We are a small educational 501(c)(3) and would like to start a scholarship endowment. As the executive director, I have spoken with two organizations regarding the endowment and they both have given me their costs. One of our board members would like to do a Request For Proposals. Others believe that the cost from one of the individuals is very reasonable. Do we have to do an RFP or invite a group of organizations to bid? Can we just use the two offers?  

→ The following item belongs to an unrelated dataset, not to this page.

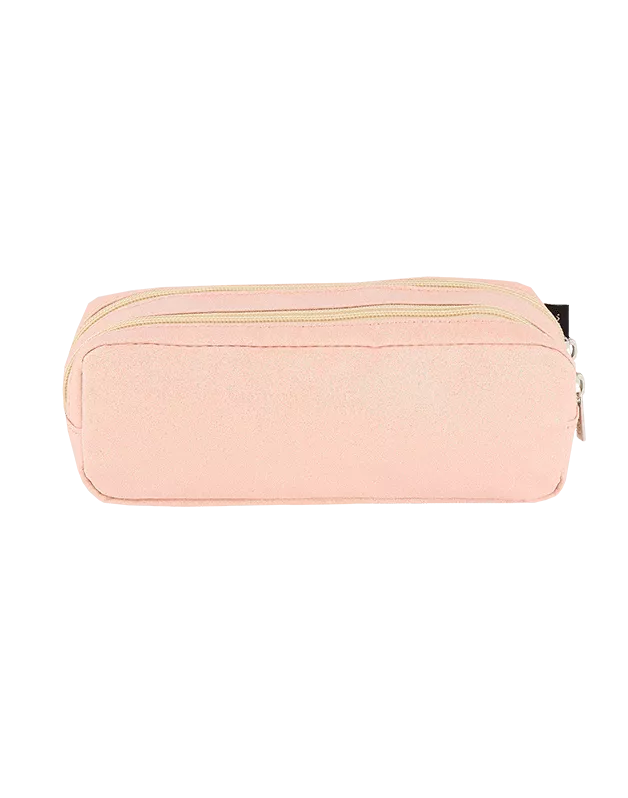 Double Pencil Case Pink Glitter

A 501(c)(3) nonprofit is not normally required to go through a bidding process for its vendors.  It certainly makes sense to get bids for major projects like new construction, where capacity and prices can vary significantly, but unless you have some unusual provision in your governing documents, it is very unlikely that you would be required to get more bids here.  A board may want to know how you chose the two vendors you spoke with, and whether you went to recognized money managers or friends with start-up ventures.  They may want to ask another organization or two that they know have had particularly good investment results or are particularly responsive to their clients.   I wouldn’t recommend a broad RPF for such a small job.  It would be a lot more work for everyone with very little extra benefit for anyone.

As a small group just starting an endowment, even different fee structures are not likely to result in significantly different absolute costs for your charity.  If you sign an easily terminable contract, you don’t have much risk.  I don’t see why you would need more choices, but if I were the E.D., I would want to be sure that my board had enough choices of qualified vendors to be comfortable making the selection.